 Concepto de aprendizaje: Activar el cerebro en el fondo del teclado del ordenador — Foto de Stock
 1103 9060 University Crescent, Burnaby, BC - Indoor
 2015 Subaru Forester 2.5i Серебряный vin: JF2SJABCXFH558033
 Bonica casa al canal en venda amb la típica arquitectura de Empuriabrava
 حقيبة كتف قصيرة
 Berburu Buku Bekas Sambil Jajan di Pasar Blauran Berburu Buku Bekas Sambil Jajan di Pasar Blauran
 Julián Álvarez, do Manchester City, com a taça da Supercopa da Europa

....

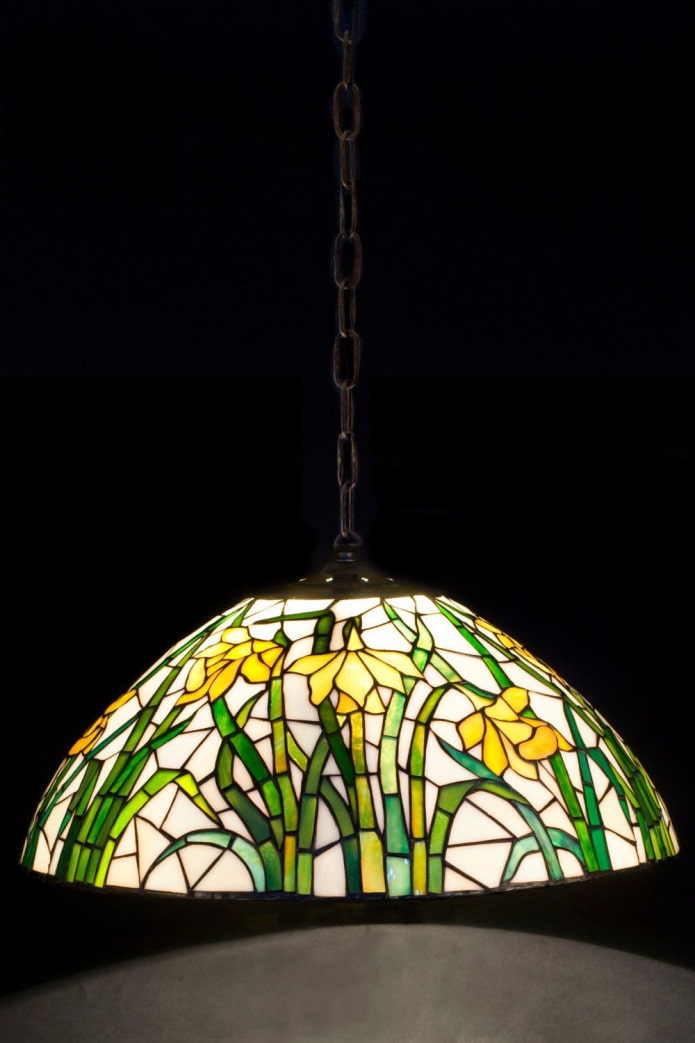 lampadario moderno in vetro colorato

....

Assigned task
The answer is the lines above between the line holding "Concepto de aprendizaje: Activar" and the line holding "Julián Álvarez, do", inclusive, each written out exactly, and no others.

Answer below
 Concepto de aprendizaje: Activar el cerebro en el fondo del teclado del ordenador — Foto de Stock
 1103 9060 University Crescent, Burnaby, BC - Indoor
 2015 Subaru Forester 2.5i Серебряный vin: JF2SJABCXFH558033
 Bonica casa al canal en venda amb la típica arquitectura de Empuriabrava
 حقيبة كتف قصيرة
 Berburu Buku Bekas Sambil Jajan di Pasar Blauran Berburu Buku Bekas Sambil Jajan di Pasar Blauran
 Julián Álvarez, do Manchester City, com a taça da Supercopa da Europa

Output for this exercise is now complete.